Problem description :: In the material below, begin at the line that has "Proud Financial Planner", stop after the line that has "I need a friend to talk about sehun with me😁", and transcribe those lines exactly, without pictures.

Records for this task ::
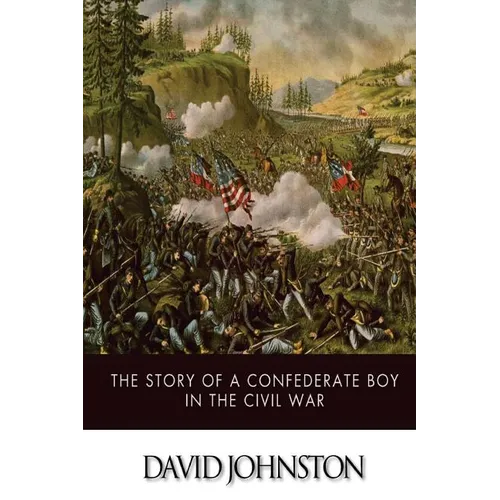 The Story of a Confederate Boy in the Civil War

---

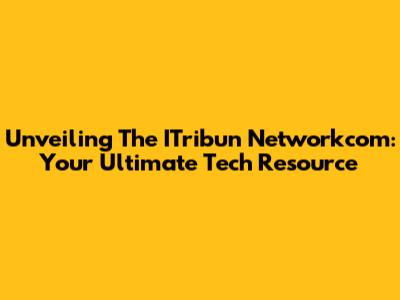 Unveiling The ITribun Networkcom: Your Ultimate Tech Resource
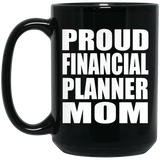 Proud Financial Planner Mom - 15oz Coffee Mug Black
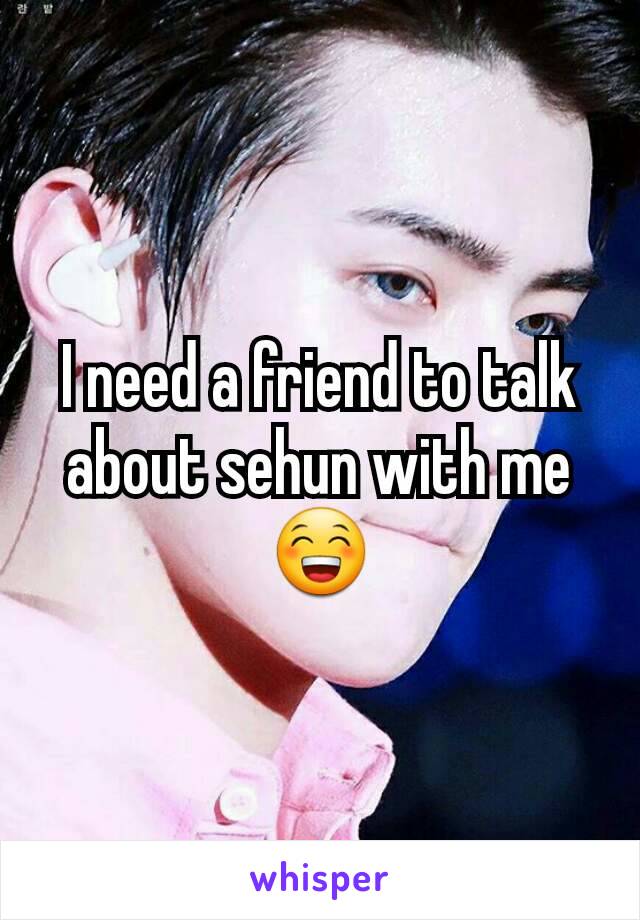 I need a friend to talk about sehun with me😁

Response to the task ::
 Proud Financial Planner Mom - 15oz Coffee Mug Black
 I need a friend to talk about sehun with me😁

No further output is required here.